PATRIMÓNIO DOS POBRES

Este tempo natalício convida-nos a falar dos pobres, mais ainda das suas crianças.

A mãe desta menina a que me vou referir é uma mulher que ficou sem mãe aos dois anos e criada por uma tia. Entretanto, fez o 12º ano, mas viveu sempre com uma ânsia forte de se libertar do poder paternal exercido pela sua familiar.

Encontrou um rapaz estrangeiro, que no seu sonho de independência, lhe abriu o caminho. Tiveram um filho e, dois anos depois, ela tornou a engravidar. O progenitor deixou-a e fugiu para França, no desejo de se libertar do fardo dos dois filhos e da mulher.

Desamparada, alugou um quarto por 190€ que o Património pagou várias vezes; fez queixa às autoridades que, desta vez, foram eficazes e apanharam-no naquela nação, sem qualquer documento que o autorizasse a viver no país que não era o seu.

A família dele revoltou-se contra a pobre rapariga e ele, ao ser obrigado a registar a filha, nem sequer a quis ver.

Passado algum tempo, descobriu onde morava a mãe dos seus filhos, foi lá a casa, deu-lhe uma tareia, que ela ficou com o corpo cheio de nódoas negras, fazendo o mesmo à senhoria do quarto, que veio em seu socorro.

Entretanto, a senhoria precisou do quarto porque a sua filha ia casar e a pobre mãe teve de arranjar uma mini casa, que só tem um quarto, uma casita de banho e uma cozinhita para onde foi viver com os seus filhinhos.

A antiga senhoria é uma boa mulher, amiga dela, sofre com ela e ajuda-a cuidando dos filhos, que agora estão doentes, e não podem frequentar o infantário. Ela perdeu quinze dias de trabalho por causa da doença dos filhos.

Cuidadosa como é e muito jeitozinha, ganhou, após o primeiro mês, o lugar de efectiva no restaurante onde serve.

Telefonou-me a pedir que lhe pagasse a renda do casinhoto onde se acolhera com os filhos: 400€.

Como mudou de casa e eu não conhecia o sítio, combinámos encontrar junto de um supermercado, no alto da Bela Vista.

Os telemóveis dão-nos alguma facilidade e eu fui com a D. Conceição ao encontro da abandonada e da sua filha.

Era noite! Uma escuridão espessa fazia ressaltar as luzes da cidade à beira-rio e uma chuva miudinha enregelava o ar.

Parámos. Pus os pisca-piscas a acender e a apagar e, no meio do negrume, por um carreiro da relva, aparece a mãe com a sua menina ao colo a choramingar.

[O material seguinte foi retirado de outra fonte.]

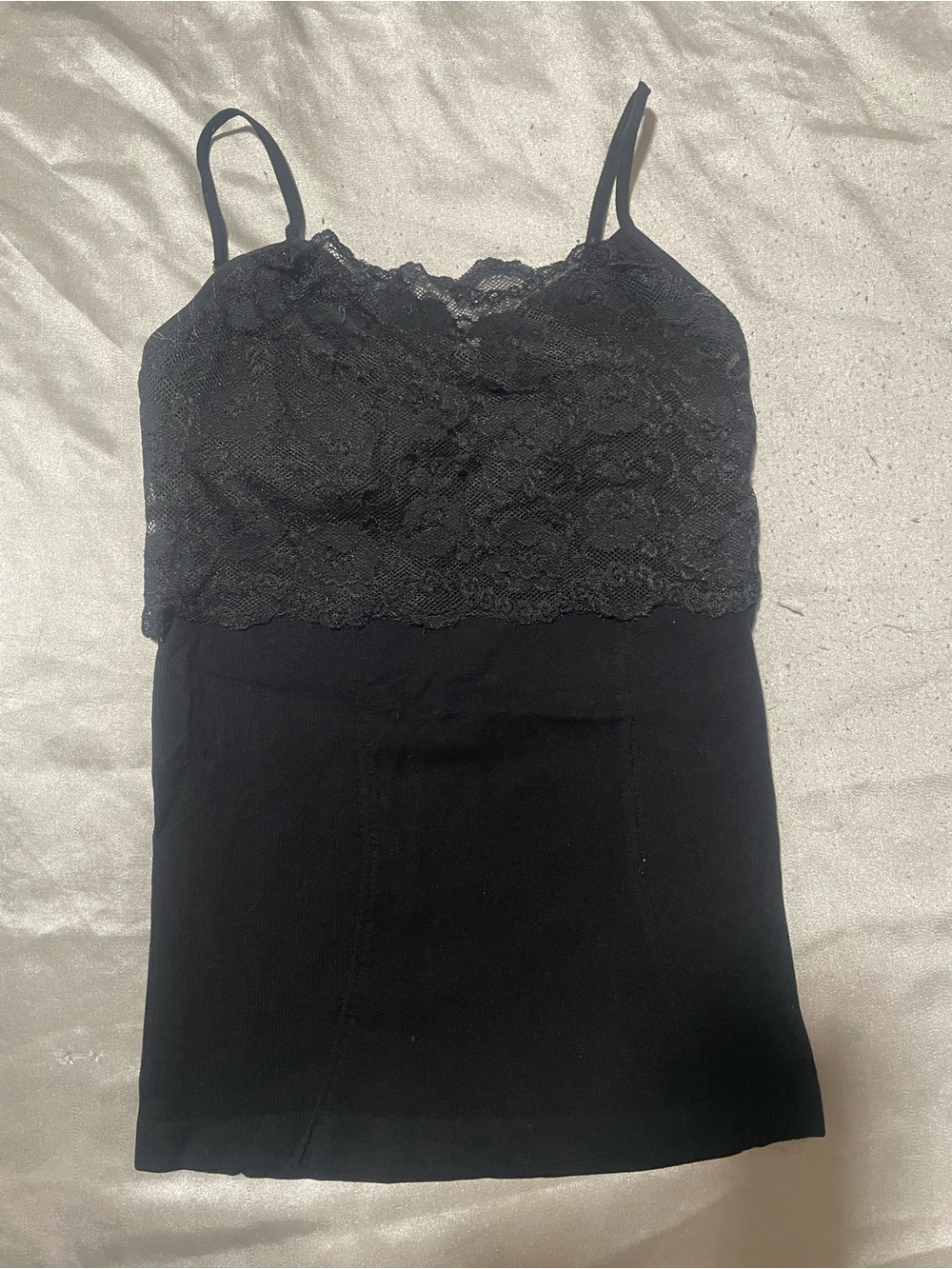 Black Lace Cami Tank Top - Women's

Mandei-a entrar para o carro e perguntei-lhe, com naturalidade, o que teria a menina para vir tão chorosa.

- É fome, ela está com fome.

- Não tens mama?

- Tenho sim.

- Então dá-lhe a mama, não te acanhes.

A menina de cinco meses é muito linda. É um encanto de criança.

Enquanto a mãe, com ternura e muito carinho, amamentava a sua filha, eu contemplava as luzes da barra do Sado, cortada ao meio por um grande navio cargueiro iluminado em direcção ao porto para atracar. O espelho das luzes da margem-rio dava às águas, no meio da neblina, uma beleza quase transcendente que me elevava ao Criador e me distraía do momento em que me enredava.

- Então fulana, a menina já mamou?

- Já, e já dorme.

Ali mesmo no carro lhe passei o cheque, o pus nas suas mãos com estas palavras: - Se eu fosse pároco e estivéssemos livres do covid, quem iria fazer de menino Jesus na minha igreja seria a tua filha. Ela é uma imagem viva e encarnada actualmente do Deus menino no Presépio. Todos os cristãos a iriam beijar e sentiriam como nós a doçura divina já a sofrer o desprezo dos homens.

Nota: Esta história real entrelaça a reflexão que prometi fazer com o escrito do Papa Francisco para o Dia Mundial dos Pobres.